**MATERIAL FOR THE TASK**:
▬▬▬
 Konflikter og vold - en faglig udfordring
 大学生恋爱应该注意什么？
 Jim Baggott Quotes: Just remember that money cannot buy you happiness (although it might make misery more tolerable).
▬▬▬
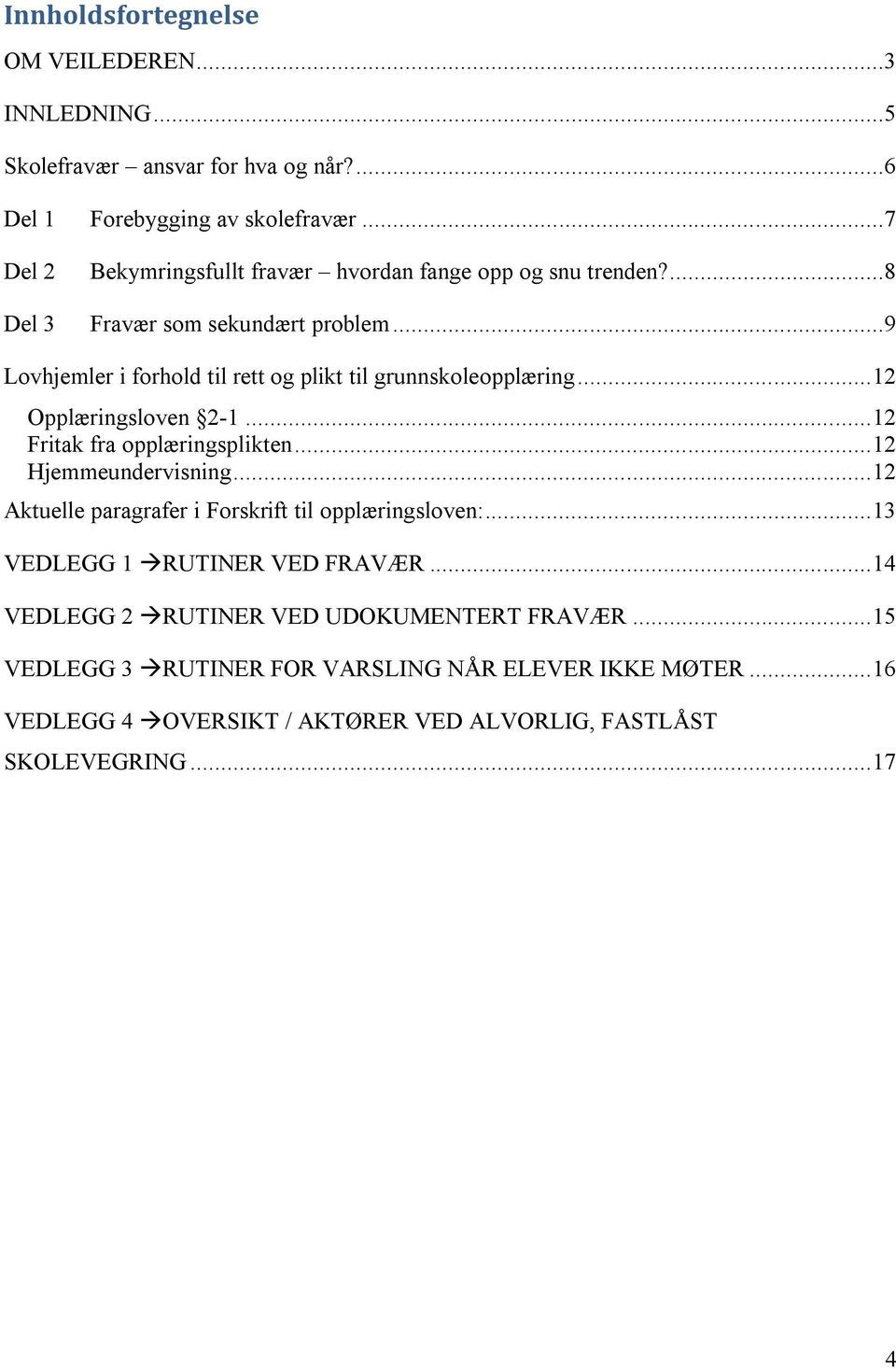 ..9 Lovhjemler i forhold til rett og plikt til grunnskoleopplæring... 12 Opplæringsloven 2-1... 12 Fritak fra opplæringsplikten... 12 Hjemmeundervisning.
▬▬▬
**ACTIVITY**:
After locating the line with "Konflikter og vold - en faglig udfordring" in the material above, return it and each line after it exactly, ending at the line with "Jim Baggott Quotes: Just".

**RESPONSE TO THE EXERCISE**:
 Konflikter og vold - en faglig udfordring
 大学生恋爱应该注意什么？
 Jim Baggott Quotes: Just remember that money cannot buy you happiness (although it might make misery more tolerable).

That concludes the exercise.